PROVIDED DATA:
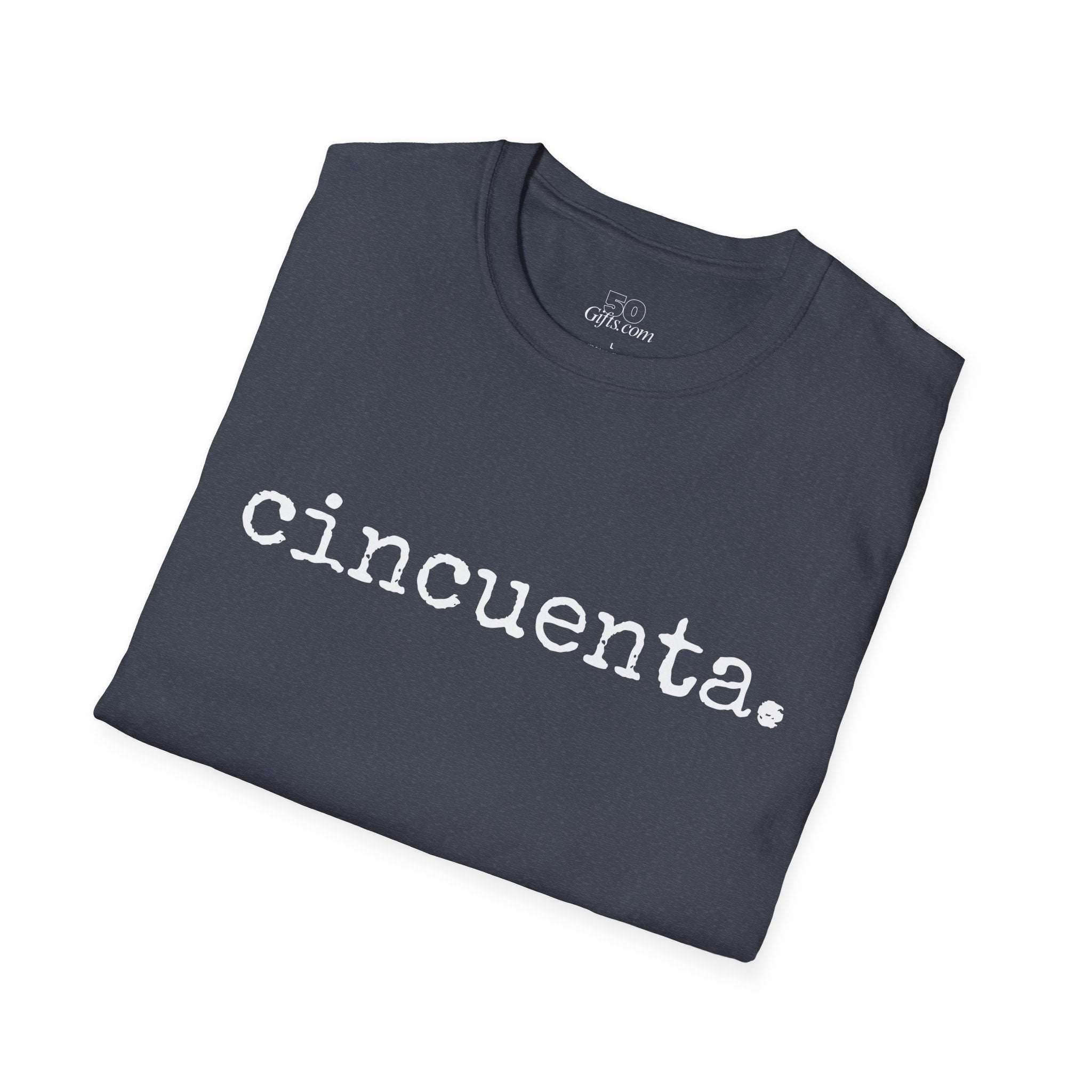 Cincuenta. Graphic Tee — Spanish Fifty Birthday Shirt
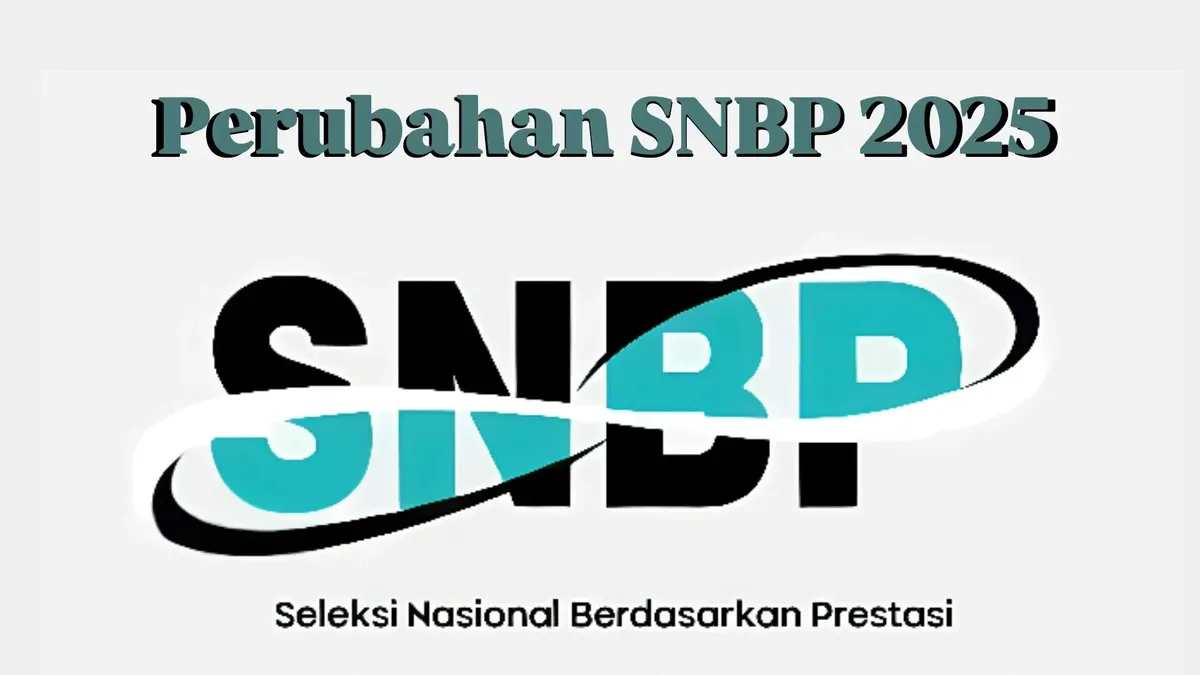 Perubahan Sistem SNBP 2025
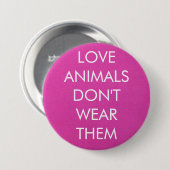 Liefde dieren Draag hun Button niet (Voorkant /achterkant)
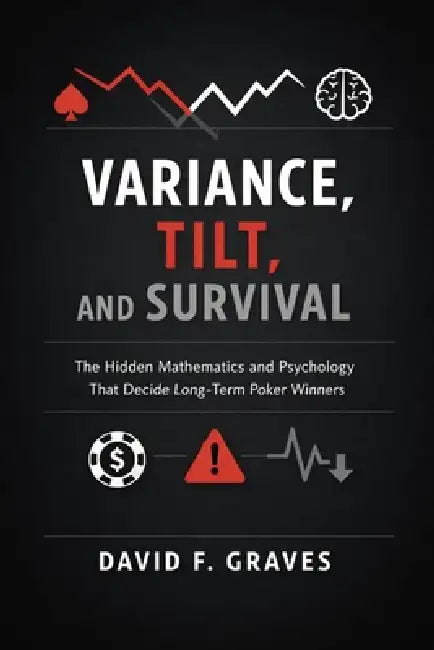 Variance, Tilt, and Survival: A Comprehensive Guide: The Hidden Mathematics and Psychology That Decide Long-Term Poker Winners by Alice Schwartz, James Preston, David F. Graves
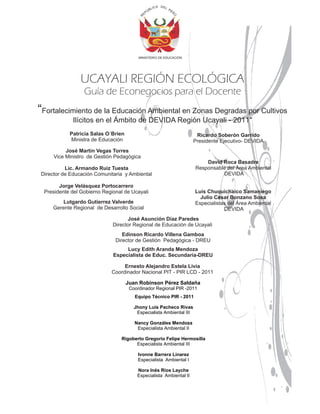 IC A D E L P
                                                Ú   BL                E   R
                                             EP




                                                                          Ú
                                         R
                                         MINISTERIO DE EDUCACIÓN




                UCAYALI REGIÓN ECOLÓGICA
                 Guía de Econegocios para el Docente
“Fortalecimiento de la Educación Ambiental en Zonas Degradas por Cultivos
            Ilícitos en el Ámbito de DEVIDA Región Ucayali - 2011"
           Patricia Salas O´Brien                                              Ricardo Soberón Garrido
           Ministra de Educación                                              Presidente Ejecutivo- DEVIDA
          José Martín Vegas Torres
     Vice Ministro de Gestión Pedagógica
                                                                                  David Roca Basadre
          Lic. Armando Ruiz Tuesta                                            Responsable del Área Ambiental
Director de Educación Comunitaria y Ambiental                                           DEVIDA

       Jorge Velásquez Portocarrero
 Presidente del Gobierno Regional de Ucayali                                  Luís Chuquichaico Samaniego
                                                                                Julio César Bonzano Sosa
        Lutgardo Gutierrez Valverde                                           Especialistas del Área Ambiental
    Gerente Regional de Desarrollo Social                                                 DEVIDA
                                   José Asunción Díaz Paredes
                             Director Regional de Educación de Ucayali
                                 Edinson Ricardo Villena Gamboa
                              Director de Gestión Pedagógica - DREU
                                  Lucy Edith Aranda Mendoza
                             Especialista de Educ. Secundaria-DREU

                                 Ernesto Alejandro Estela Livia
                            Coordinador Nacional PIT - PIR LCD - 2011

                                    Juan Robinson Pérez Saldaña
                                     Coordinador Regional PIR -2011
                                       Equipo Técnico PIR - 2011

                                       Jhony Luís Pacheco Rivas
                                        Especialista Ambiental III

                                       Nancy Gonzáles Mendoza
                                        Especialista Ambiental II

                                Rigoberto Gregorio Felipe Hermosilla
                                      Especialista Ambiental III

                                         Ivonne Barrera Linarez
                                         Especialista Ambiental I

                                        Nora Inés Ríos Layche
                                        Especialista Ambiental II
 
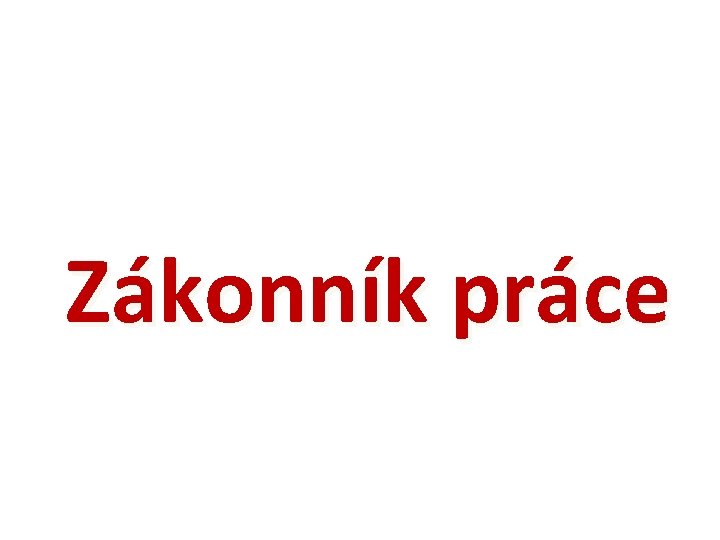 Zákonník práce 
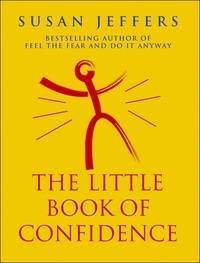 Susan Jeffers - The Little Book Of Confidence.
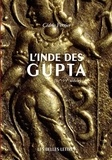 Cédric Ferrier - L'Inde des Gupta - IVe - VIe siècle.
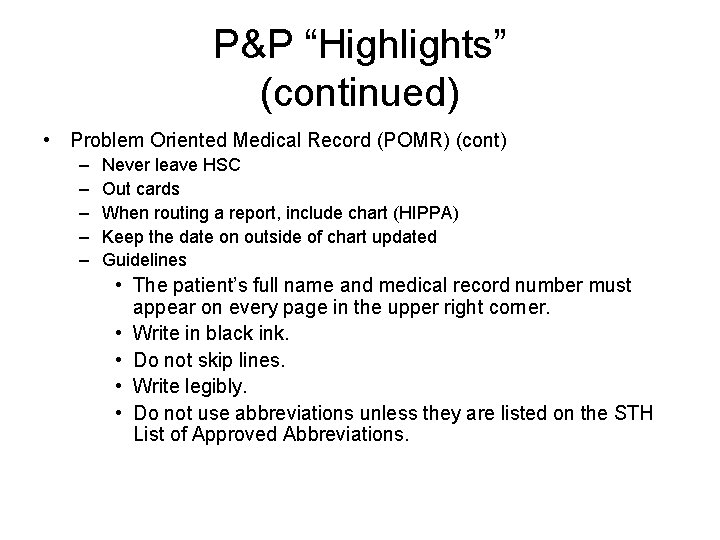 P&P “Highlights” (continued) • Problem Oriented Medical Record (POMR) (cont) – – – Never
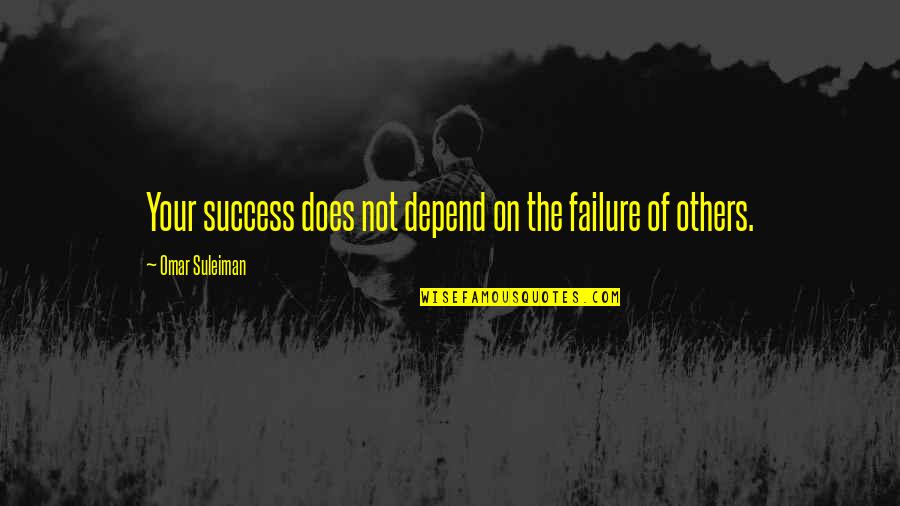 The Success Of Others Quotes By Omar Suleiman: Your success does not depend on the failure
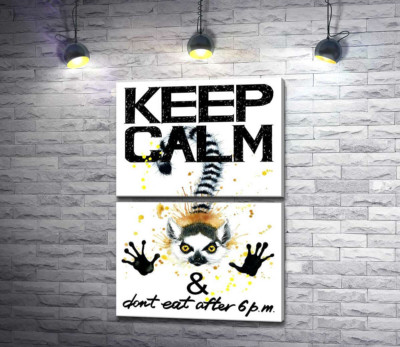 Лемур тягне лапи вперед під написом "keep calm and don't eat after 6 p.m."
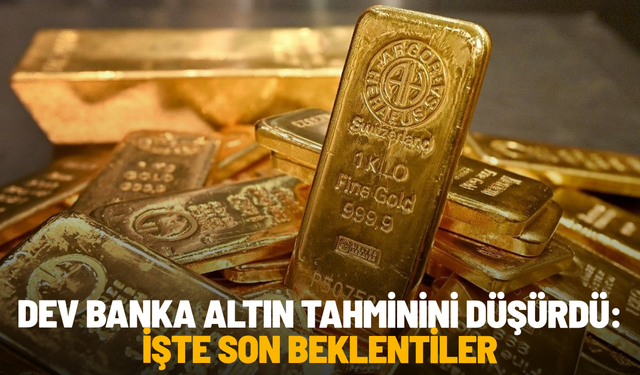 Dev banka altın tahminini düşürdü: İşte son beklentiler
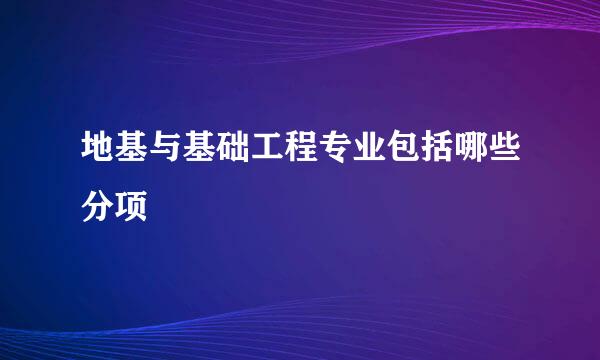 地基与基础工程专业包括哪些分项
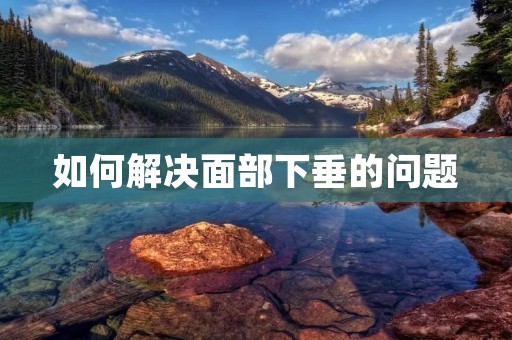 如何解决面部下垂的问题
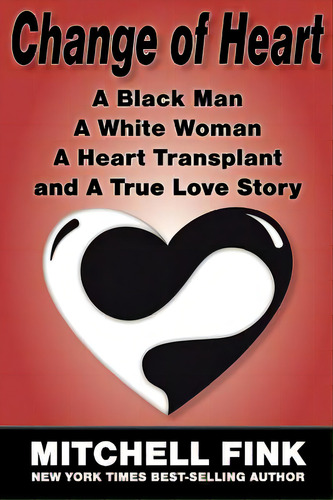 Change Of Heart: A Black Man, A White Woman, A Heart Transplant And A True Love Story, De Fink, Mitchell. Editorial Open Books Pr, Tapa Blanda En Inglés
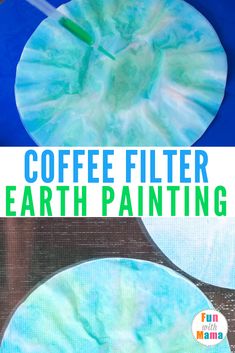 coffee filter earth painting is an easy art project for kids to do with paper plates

TRY IT:
Could the lines from the first entry through the line that contains "UCAYALI REGIÓN ECOLÓGICA" be copied exactly, with all pictures left out?

RESULT OF THE EXERCISE:
 Cincuenta. Graphic Tee — Spanish Fifty Birthday Shirt
 Perubahan Sistem SNBP 2025
 Liefde dieren Draag hun Button niet (Voorkant /achterkant)
 Variance, Tilt, and Survival: A Comprehensive Guide: The Hidden Mathematics and Psychology That Decide Long-Term Poker Winners by Alice Schwartz, James Preston, David F. Graves
 IC A D E L P
                                                Ú   BL                E   R
                                             EP




                                                                          Ú
                                         R
                                         MINISTERIO DE EDUCACIÓN




                UCAYALI REGIÓN ECOLÓGICA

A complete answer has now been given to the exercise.